> i can only make comments about fragments like this but i cant address  
> your full design issue since you havent supplied a fully working  
> illustration of what it is youre trying to do.


the daemon: http://dpaste.com/hold/27089/
and required utils.py modele: http://dpaste.com/hold/27092/

it was running with revision 3863

> the biggest issue I  
> can see is that the code seems to have a weak notion of explicit  
> transaction boundaries...its opening many sessions, one per thread  
> (since youre using scoped_session), and just keeping them opened, with  
> just one commit() when a delete is issued and thats it.

How to open one session for all threads ? Using Lock with inserts/
updates should help in this case, right ?

> addtionally, youre  
> issuing some SQL directly to the database without notifying the  
> session about objects which may have been removed;

> youre executing a SQL statement through sess.execute() but that has no  
> effect on the User object stored in the session..plain SQL executes  
> dont refresh or expire anything thats currently present in the  
> session.  when you commit(), the underlying flush() apparently is  
> hitting that user, or perhaps a different one, and attempting to  
> update it.

I was trying to represent this SQL statement in ORM: "DELETE FROM
fs_file WHERE path='/' and user_id=<theone.id>". If I'd need to delete
user I'll use session.query.delete(user), indeed. But how to perform
writing operations in proper way then, without execute() ? I was
looking, thinking, asking and thinking again but came to nithing yet )

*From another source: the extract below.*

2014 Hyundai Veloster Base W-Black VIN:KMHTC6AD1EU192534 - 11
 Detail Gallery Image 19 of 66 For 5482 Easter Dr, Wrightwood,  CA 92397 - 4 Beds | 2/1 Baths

> locking youre doing doesnt have much effect here, without more context  
> it seems like its not needed and is just adding to the confusion.

I was thinking it will exclude few doubtfull assumption from my
inspection list.


> Its possible that you'd benefit here from using explciit transactions,  
> so that you dont need to be dependent on the Session in order to  
> commit raw SQL which youve executed.  You can begin() and commit()  
> transactions using an Engine or a Connection...such as:
>
> conn = db.connect()
> trans = conn.begin()
> session = Session(bind=conn)
> # do stuff with the conn, do stuff with session
> trans.commit()


But I see that sqlalchemy beginning transaction anyway

> Transactions should be opened and closed for individual groups of  
> operations.  For example, if your "arrange" thread starts up, performs  
> some work, and then completes, it should be opening a transaction and/
> or Session

session != transaction ? the difference between them is presence in
session of cache ?

> strategy="threadlocal" are more than likely confusing the issue.    

removed. In fact cannot say that clearly understand what it does

> scoped_session is going to accumulate sessions for every thread, even  
> if that thread has died out, which will certainly cause memory to grow  
> unbounded if you keep creating new threads.  it would probably be  
> cleaner to have each arrange() thread keep track of its own Session  
> and transaction, which are disposed of when the thread completes.

Thanks for the idea, I'll try to elaborate.